Conflict in Medieval Europe PDF Author: Warren C. Brown
Publisher: Routledge
ISBN: 1351949721
Category : History
Languages : en
Pages : 369

Book Description
Conflict is defined here broadly and inclusively as an element of social life and social relations. Its study encompasses the law, not just disputes concerning property, but wider issues of criminality, coercion and violence, status, sex, sexuality and gender, as well as the phases and manifestations of conflict and the behaviors brought to bear on it. It engages, too, with the nature of the transformation spanning the Carolingian period, and its implications for the meanings of power, violence, and peace. Conflict in Medieval Europe represents the 'American school' of the study of medieval conflict and social order. Framed by two substantial historiographical and conceptual surveys of the field, it brings together two generations of scholars: the pioneers, who continue to expand the research agenda; and younger colleagues, who represent the best emerging work on this subject. The book therefore both marks the trajectory of conflict studies in the United States and presents a set of original, highly individual contributions across a shifting conceptual range, indicative of a major transition in the field.

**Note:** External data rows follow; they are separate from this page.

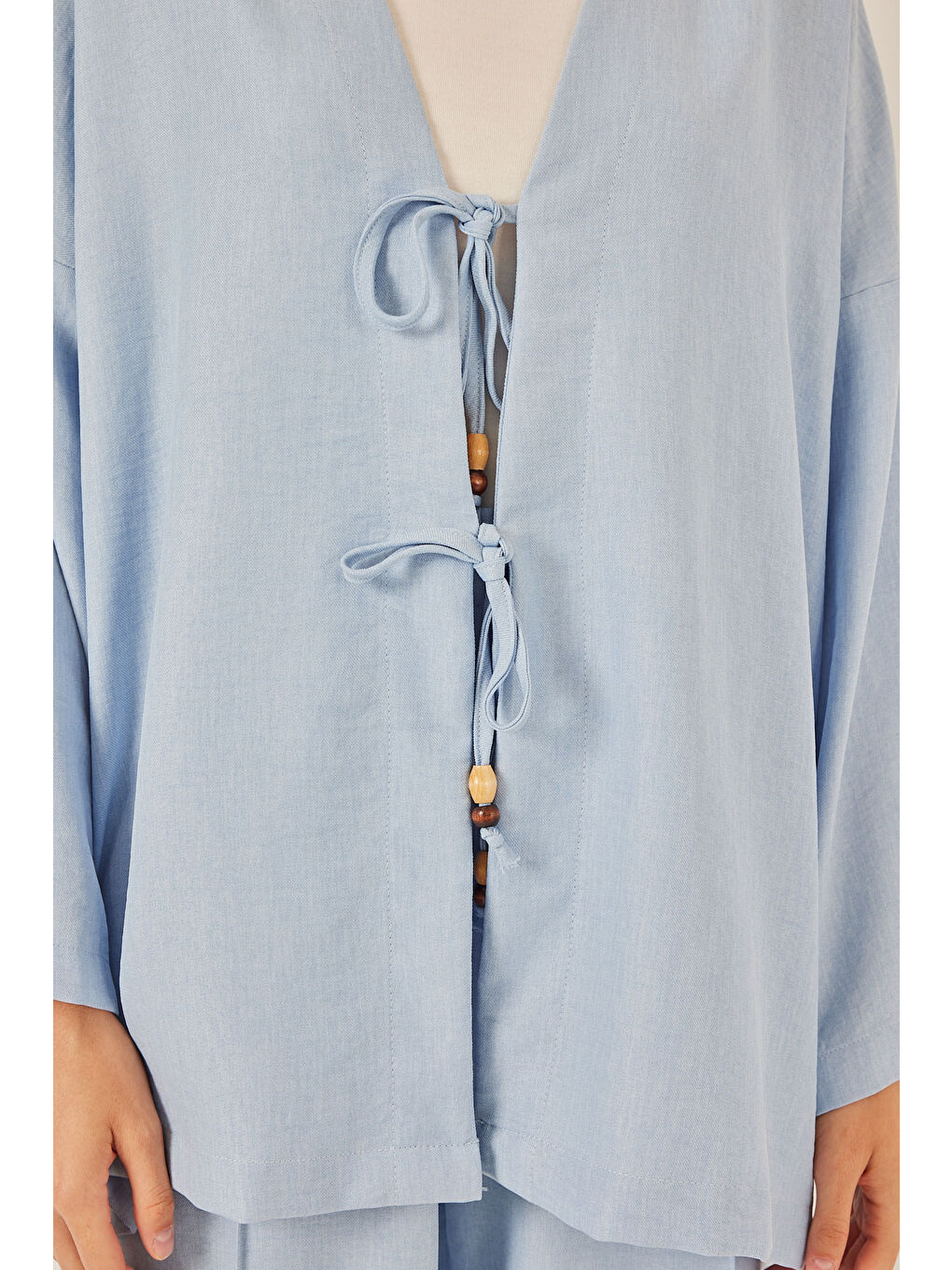 Kadın Keten Kimono İkili Takım 6727 - Mavi-4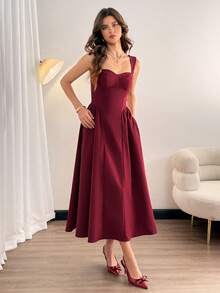 SHEIN Tall Váy dạ hội thanh lịch cổ điển dành cho nữ có túi, váy dự tiệc trà thường ngày, lễ hội, tiệc tùng, kỳ nghỉ hè, váy dạ hội, váy dự tiệc sinh nhật, khách dự tiệc cưới - Đỏ - Xem 5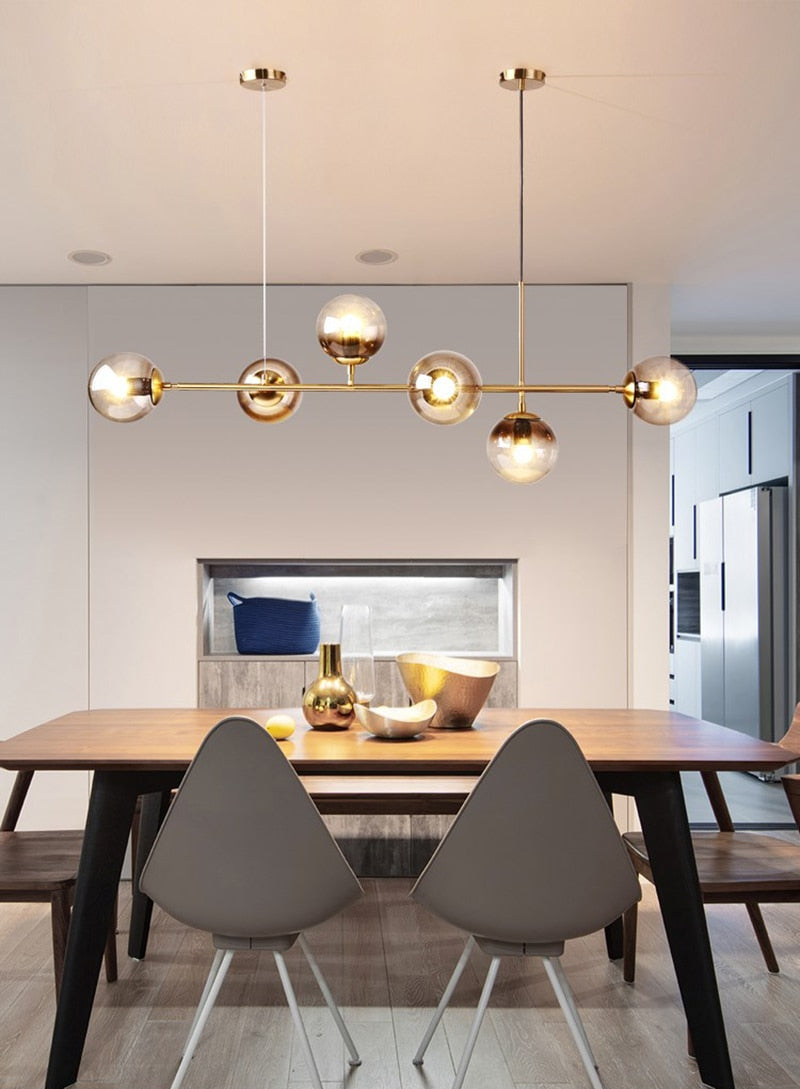 Solara Six-Sphere Amber Glass Pendant Light with Gold Rods | Lersk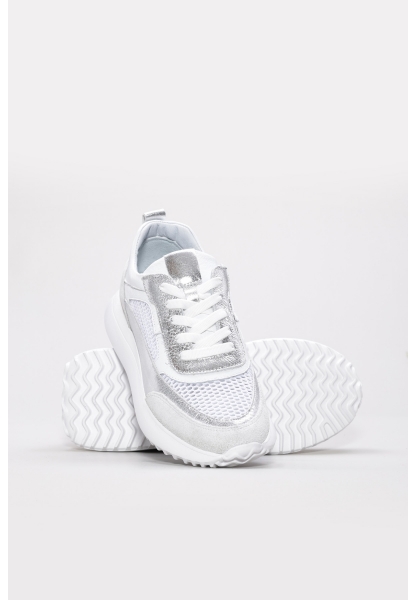 MirgeShoes Beyaz-Gümüş Bağcıklı Kadın Spor Ayakkabı İçi Dışı Hakiki Deri MRG012662619248
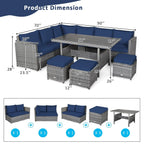 Ensemble de salle à manger Costway 7 pièces en rotin pour terrasse, canapé sectionnel et pouf - Voir détails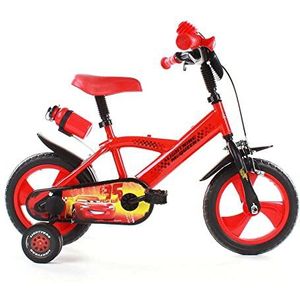 albri Jongens fiets cars 12 inch met zijdelingse stabilisatoren en drinkfles, rood, klein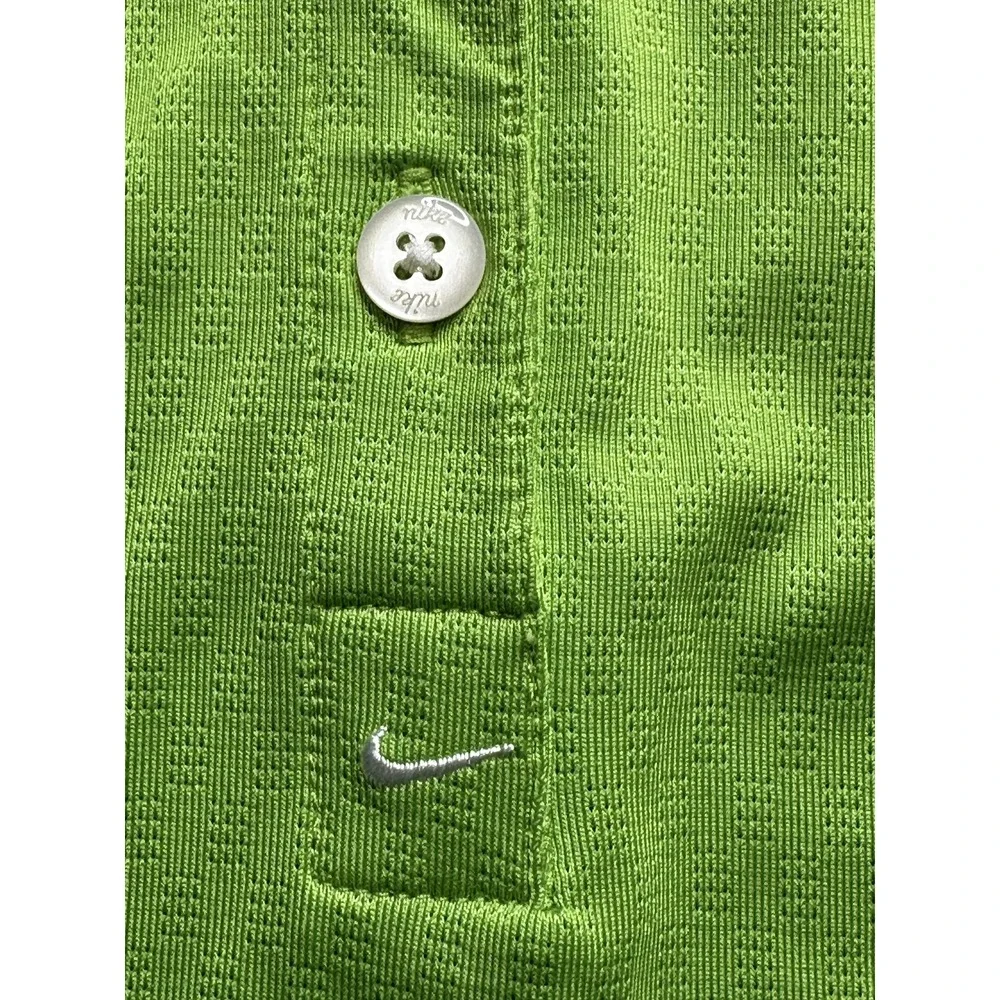 Nike Sleeveless Polo Top in Bright Lime Green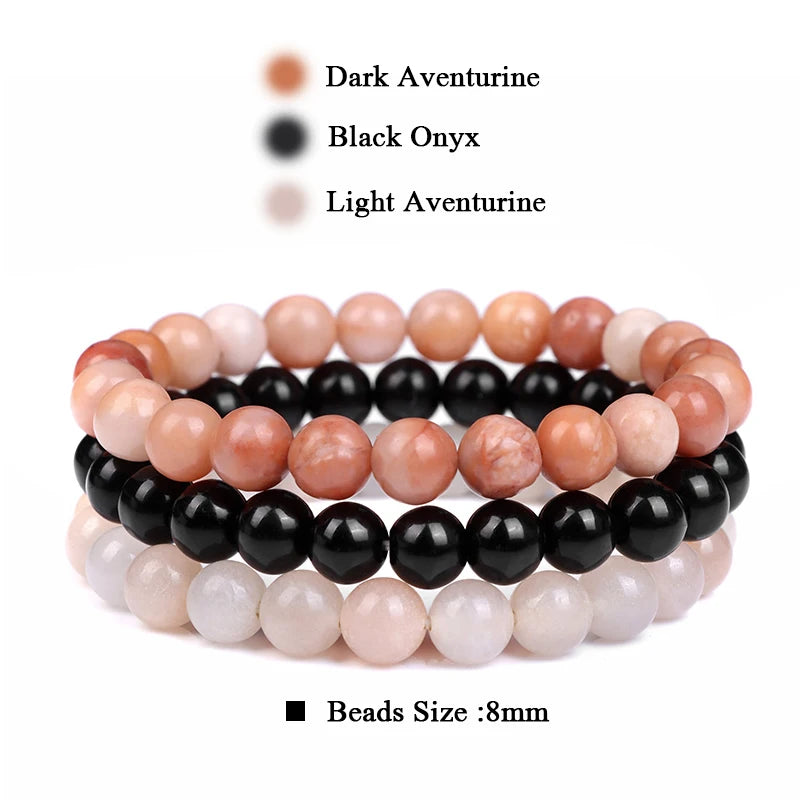 'Harmony Within' Set of 3 Natural Bead Bracelets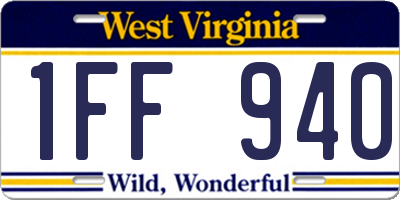 WV license plate 1FF940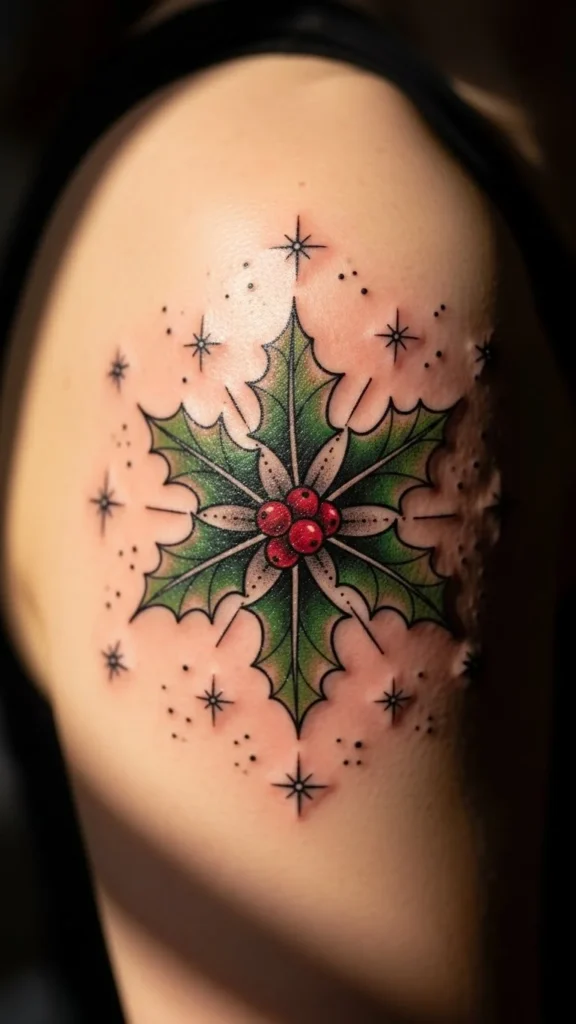 Holly Leaf Paired With Stars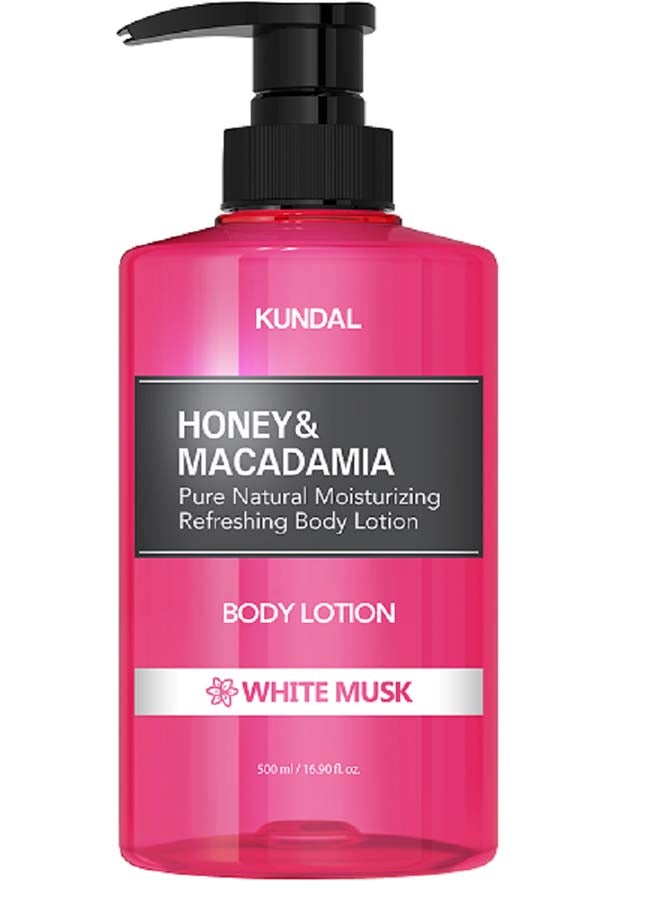 Kundal Honey & Macadamia Pure Natural Moisturizing Refreshing Body Lotion White Musk 500ml - Image 1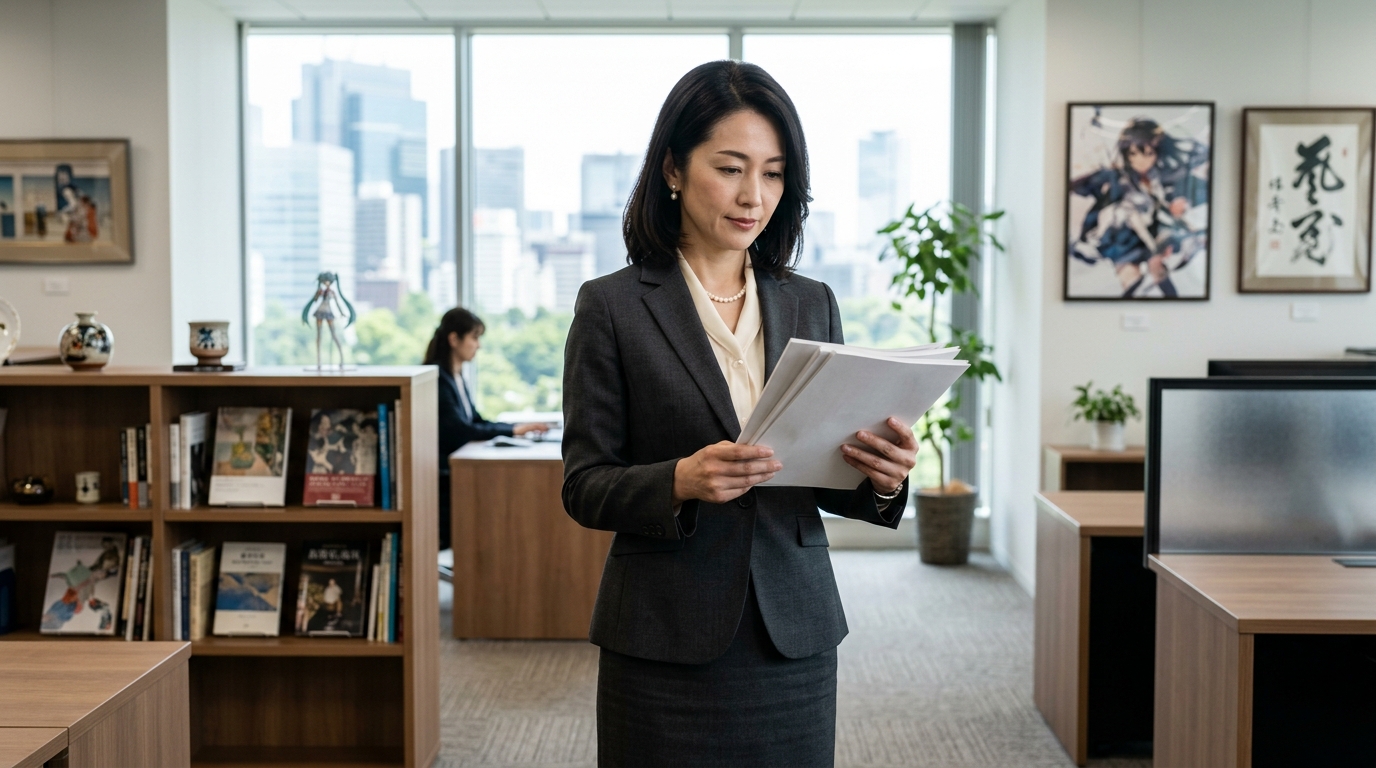 クールジャパン機構の事業評価や成功例・失敗例を分析する女性のイメージ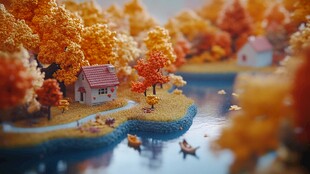 秋日微缩乡村梦幻景致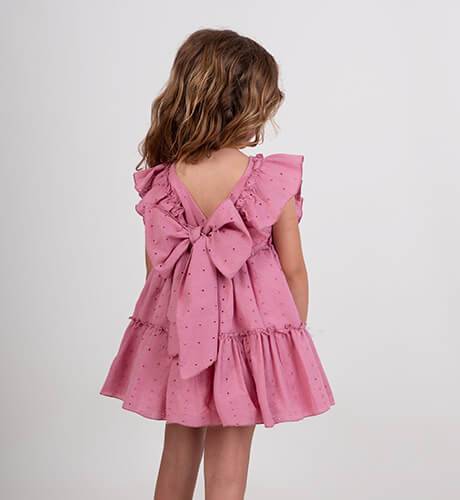 Vestido niña bordado rosa &amp; gran lazada de Nekenia | Aiana Larocca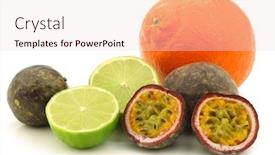  Presentation with passion fruit - Colorful slide deck enhanced with minneola-cut-lime-fruit backdrop and a lemonade colored foreground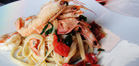 Linguine aux langoustines, crevettes et roquette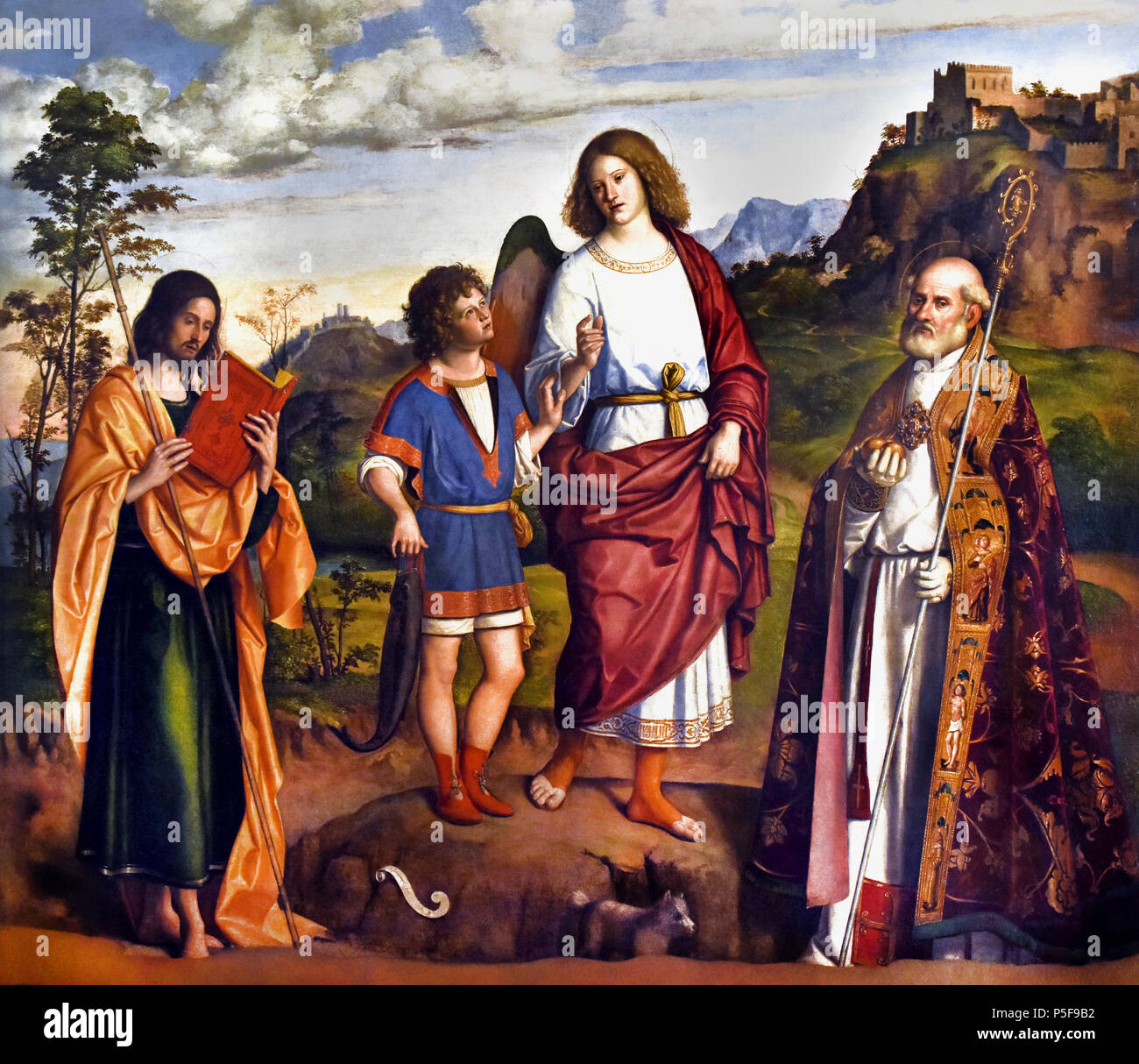 L Arcangelo Raffaele con Tobiolo tra Santi Nicolò e Giacomo Maggiore - l Arcangelo Raffaele con Tobiolo tra i Santi Nicolò e Giacomo Maggiore di Giambattista Cima da Conegliano ,1459 -1518 ,Italia, ITALIANO, Foto Stock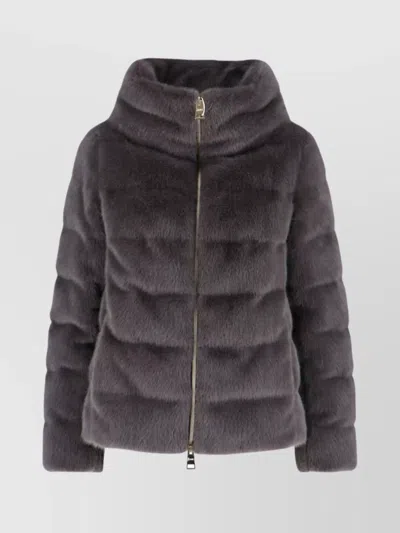 Herno Casual Faux Fur High Collar Jacket In Black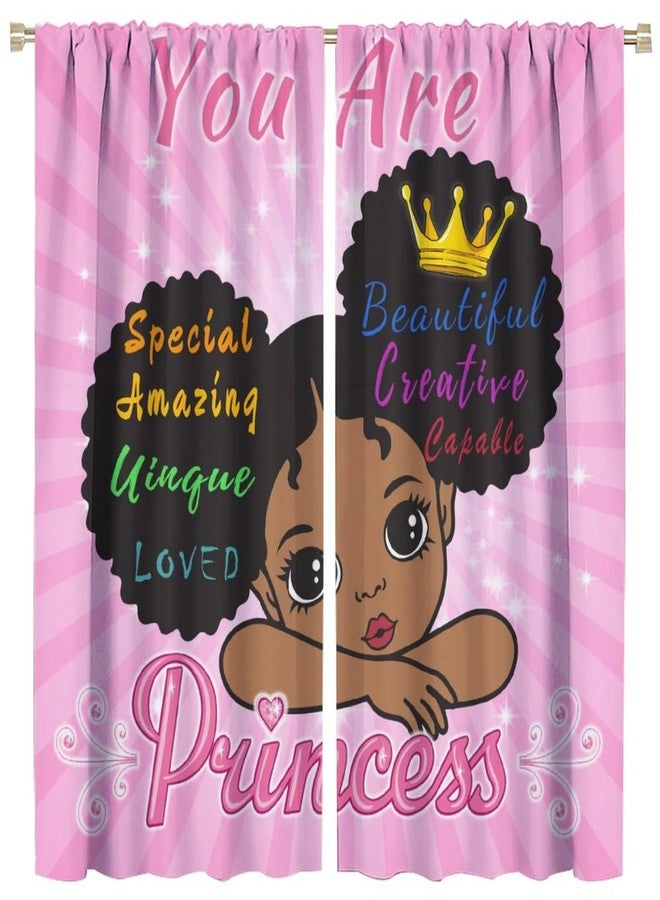 LOMADIA African American Kids Curtain, Afro Black Girls Princess Window Treatments Curtains for Nursery, Pink Cute Girl Style 2 Panels Drapes for Girl Bedroom Children's Room Decor 42x45in - Image 1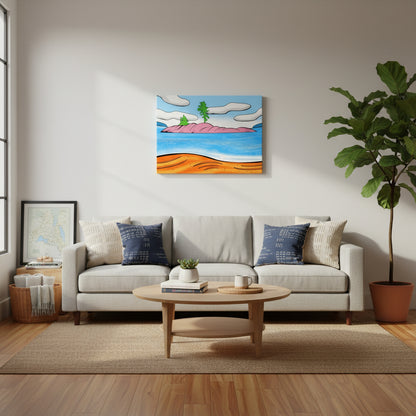 Bright rectangular art featuring bright orange, pink& blue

Conflict in Medieval Europe

Conflict in Medieval Europe PDF Author: Warren C. Brown
Publisher: Routledge
ISBN: 1351949721
Category : History
Languages : en
Pages : 369

Book Description
Conflict is defined here broadly and inclusively as an element of social life and social relations. Its study encompasses the law, not just disputes concerning property, but wider issues of criminality, coercion and violence, status, sex, sexuality and gender, as well as the phases and manifestations of conflict and the behaviors brought to bear on it. It engages, too, with the nature of the transformation spanning the Carolingian period, and its implications for the meanings of power, violence, and peace. Conflict in Medieval Europe represents the 'American school' of the study of medieval conflict and social order. Framed by two substantial historiographical and conceptual surveys of the field, it brings together two generations of scholars: the pioneers, who continue to expand the research agenda; and younger colleagues, who represent the best emerging work on this subject. The book therefore both marks the trajectory of conflict studies in the United States and presents a set of original, highly individual contributions across a shifting conceptual range, indicative of a major transition in the field.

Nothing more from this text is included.